Beginning with the year 1894 Rohatyn was represented at all national gatherings of the Zionist movement of Galicia as well as at the general meeting of the 'Chevrat Yishuv Eretz Yisrael Zion' (Society for the Settlement of Eretz Yisrael and Zion) and 'Ahavat Zion' (Love of Zion) in Tarnow.

Shalom Melzer was the representative of the Zionist association and took part in debates at the assemblies. At the national congress that took place on 26–27 December 1897 in Lwow, he was elected to the national committee and took an active part in its procedures. Ahavat Zion was founded in Rohatyn as a branch of the organization in Tarnow and was headed for several years by Alter Weidmann, with Ephraim Sternhal as his deputy. Other members included the physician Dr. Siegfried Scharf, Manish Schenker, Hirsch Yoseph Haber, Moshe Damm, Naftali Schumer, Eliezer Igra, Avigdor Edelsberg, and Avraham Zlatkis, while Shalom Melzer basically managed the Zionist activity behind the scenes.

In 1896 Ephraim Sternhal, Alter Weidmann, Yitzchak Nagelberg, Dr. S. Scharf, Daniel Damm, and Shalom Melzer were elected to the local committee. In the contest that took place between the leadership of Ahavat Zion in Tarnow, headed by Dr. Avraham Zaltz, and the Action Committee of the World Zionist Organization, Shalom Melzer attempted to mediate and reach a compromise. At the general assembly of 19–20 May 1897 in Tarnow, Melzer and Ephraim Sternhal were elected representatives of Rohatyn to the Tarnow Ahavat Zion convention.

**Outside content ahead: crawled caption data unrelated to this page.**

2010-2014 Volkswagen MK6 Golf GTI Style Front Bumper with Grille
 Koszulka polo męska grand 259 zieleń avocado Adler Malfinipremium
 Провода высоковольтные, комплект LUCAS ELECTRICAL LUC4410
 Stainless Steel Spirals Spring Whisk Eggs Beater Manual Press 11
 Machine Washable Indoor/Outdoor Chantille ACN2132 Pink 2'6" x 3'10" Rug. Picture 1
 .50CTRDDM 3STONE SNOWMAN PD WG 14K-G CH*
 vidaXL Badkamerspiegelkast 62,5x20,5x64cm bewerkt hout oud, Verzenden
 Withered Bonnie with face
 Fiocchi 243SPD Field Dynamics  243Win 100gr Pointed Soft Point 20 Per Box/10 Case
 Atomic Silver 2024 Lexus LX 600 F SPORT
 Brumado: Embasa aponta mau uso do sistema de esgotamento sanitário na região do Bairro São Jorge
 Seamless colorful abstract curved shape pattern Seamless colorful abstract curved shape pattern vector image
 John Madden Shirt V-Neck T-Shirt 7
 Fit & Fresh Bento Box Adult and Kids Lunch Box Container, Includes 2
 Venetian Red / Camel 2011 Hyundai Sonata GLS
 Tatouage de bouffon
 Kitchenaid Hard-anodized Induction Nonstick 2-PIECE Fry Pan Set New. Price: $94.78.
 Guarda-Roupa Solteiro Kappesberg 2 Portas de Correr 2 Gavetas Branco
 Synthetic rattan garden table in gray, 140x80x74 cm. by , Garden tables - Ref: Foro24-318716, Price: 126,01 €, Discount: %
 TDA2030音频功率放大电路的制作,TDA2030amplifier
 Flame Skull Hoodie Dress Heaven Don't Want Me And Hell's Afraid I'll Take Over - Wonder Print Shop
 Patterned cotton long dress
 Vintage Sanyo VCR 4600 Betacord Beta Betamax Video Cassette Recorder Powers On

The representatives of Rohatyn – Melzer and Zlatkis – played an important role in the national Zionist convention that took place on 26–27 June 1898 in Stanislawow. This convention dealt with the question of taking a unified stand by the Zionists of Galicia regarding problems that were on the agenda of the Second Zionist Congress. In the convention, Melzer opposed the goals of the group headed by Rosenhock of Kolomyja – to sever their relationship with the national committee of Lwow and form a central organization of their own, because they felt that the Lwow committee opposed political Zionism. The representatives of Rohatyn strongly backed the national organization led by the committee in Lwow, and Melzer was elected to this national committee.

In 1898 the B'nai Zion organization of Rohatyn numbered one hundred members, headed by Alter Weidmann. In the fund raising campaign for the Treasury for Settlement (JCT), which took place between March 1899 and 28 April 1899, 112 shares, at one pound sterling per share, were sold in Rohatyn as compared with 7,210 shares in all of Galicia.

With the selection of Rabbi Natan Lewin as Rabbi of Rohatyn, intensive activity began in the field of education. He represented the community of Rohatyn at the assembly day, which convened on 1 May 1900 in Lwow.

Between the years 1900 and 1905, the B'nai Zion organization was headed by A. Weidmann, and many political and social activities were carried out. Shalom Melzer was among those who laid the foundation for the 'Mizrachi' organization, which came into being at the convention of Pressburg in August 1904. He was elected to the central executive committee as the representative of Galicia, but he refused the mandate and remained with the national Zionist organization. In 1909 the Zionist organization of Rohatyn suffered a great loss with the passing of Shalom Melzer.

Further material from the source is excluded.